Curator persoonlijk aansprakelijk voor schending onderverhuurverbod

Juridisch nieuws
Door: 

Een curator van een failliete huurder geeft het gehuurde pand tijdelijk in gebruik aan een derde, ondanks een contractueel onderverhuurverbod en zonder toestemming van de verhuurder. De Hoge Raad boog zich onlangs, op 9 november 2018, over de vraag of de curator in zodanig geval persoonlijk aansprakelijk is voor de schade die de verhuurder daardoor lijdt. Uit de uitspraak van de Hoge Raad volgt dat dit in die kwestie inderdaad het geval is.

Achtergrond
Een onderneming huurt een winkelruimte en exploiteert daar een schoenenwinkel. De huurovereenkomst bevat een verbod tot onderverhuur dan wel het in gebruik geven van het gehuurde aan een derde. De huurder wordt failliet verklaard waarna de verhuurder de huurovereenkomst opzegt met inachtneming van de wettelijke termijn van drie maanden. De curator van de failliete huurder geeft de winkelruimte vervolgens, zonder toestemming van de verhuurder, (gedeeltelijk) gedurende deze periode in gebruik aan een derde tegen betaling van een vergoeding aan de boedel.

De verhuurder stelt dat de curator met deze handelswijze jegens haar verwijtbaar is tekortgeschoten in de nakoming van de uit de huurovereenkomst voortvloeiende verplichtingen dan wel onrechtmatig jegens haar heeft gehandeld. De verhuurder vordert schadevergoeding van de curator q.q. (ten laste van de boedel) en persoonlijk (pro se).

Hoge Raad
In de procedure bij de Hoge Raad staat tussen partijen vast dat er een verplichting bestaat tot schadevergoeding vanwege het tekortschieten door de curator. Partijen twisten onder meer over de vraag of de vordering van de verhuurder een boedelvordering is en of de curator ook persoonlijk aansprakelijk is voor de door de verhuurder geleden schade.

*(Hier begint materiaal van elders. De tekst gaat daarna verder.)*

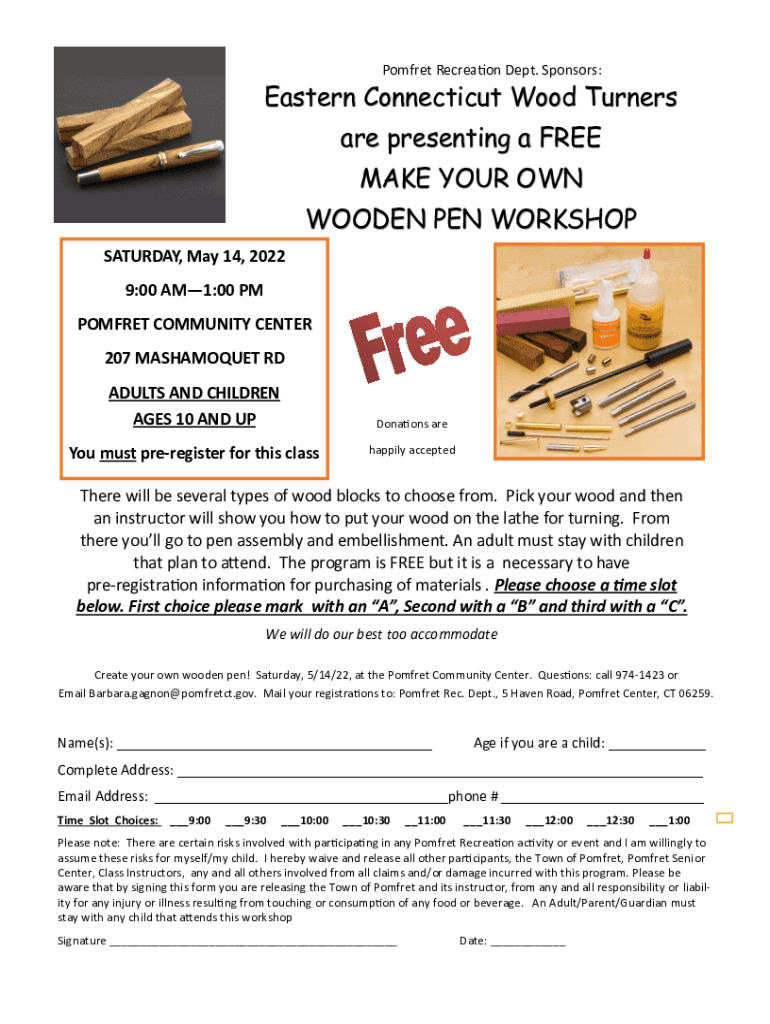 Fillable Online Pomfret Recreation Department Pomfret Center Fax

De Hoge Raad gaat eerst in op de vraag of de schadevergoeding aan de verhuurder een boedelschuld is. De Hoge Raad heeft eerder overwogen dat de curator niet de bevoegdheid heeft om een voortdurende prestatie van de schuldenaar die bestaat uit een dulden of nalaten ‘actief’ te beëindigen (Credit Suisse/Jongepier). De curator geeft in deze kwestie de gehuurde winkelruimte, in strijd met de bepalingen van de huurovereenkomst, in gebruik aan een derde. Deze handeling kwalificeert als een ‘actieve’ schending door de curator van een voortdurende verplichting van de schuldenaar tot nalaten. Volgens de Hoge Raad dient deze handeling gelijk gesteld te worden aan een ‘actieve’ beëindiging als bedoeld in het arrest Credit Suisse/Jongepier q.q. De curator was niet bevoegd om het gehuurde aan een derde in gebruik te geven, en handelt dus in strijd met een op hem in zijn hoedanigheid rustende verplichting als bedoeld in het arrest Koot Beheer/Tideman. Er is daarom sprake van een boedelschuld.

De Hoge Raad gaat vervolgens in op de vraag of de curator persoonlijk aansprakelijk is voor de door de verhuurder geleden schade. De Hoge Raad verwijst naar het arrest Prakke/Gips en stelt voorop dat, indien de curator gebonden is aan regels, hij deze dient na te komen. Komt hij deze regels niet na, dan zal de curator in beginsel op die grond persoonlijk aansprakelijk zijn jegens degenen met de belangen van wie hij bij de naleving van die regels rekening diende te houden.

Zoals hiervoor besproken is er sprake van een ‘actieve’ schending door de curator van een voortdurende verplichting die bestaat uit een nalaten. Zodanige verplichting rust op de curator en moet worden aangemerkt als een tot de curator gerichte ‘regel’. De curator dient deze regel dan ook na te leven en heeft hier geen beleidsvrijheid, aldus de Hoge Raad.

Het enkel niet naleven van regels leidt echter niet direct tot persoonlijke aansprakelijkheid van de curator. Het gerechtshof oordeelde dat de curator gelet op de omstandigheden in deze kwestie een persoonlijk verwijt kan worden gemaakt. De Hoge Raad laat dit oordeel in stand.

Conclusie
Uit de uitspraak volgt dat een curator van een huurder het gehuurde niet zonder toestemming van de verhuurder aan een derde in gebruik mag geven indien er een onderverhuurverbod in de huurovereenkomst is opgenomen. Mocht de curator hier wel toe overgaan dan zal de schade van de verhuurder een boedelschuld in het faillissement opleveren en zal de curator daarnaast – afhankelijk van de omstandigheden van het geval – in beginsel persoonlijk aansprakelijk zijn jegens de verhuurder voor diens schade.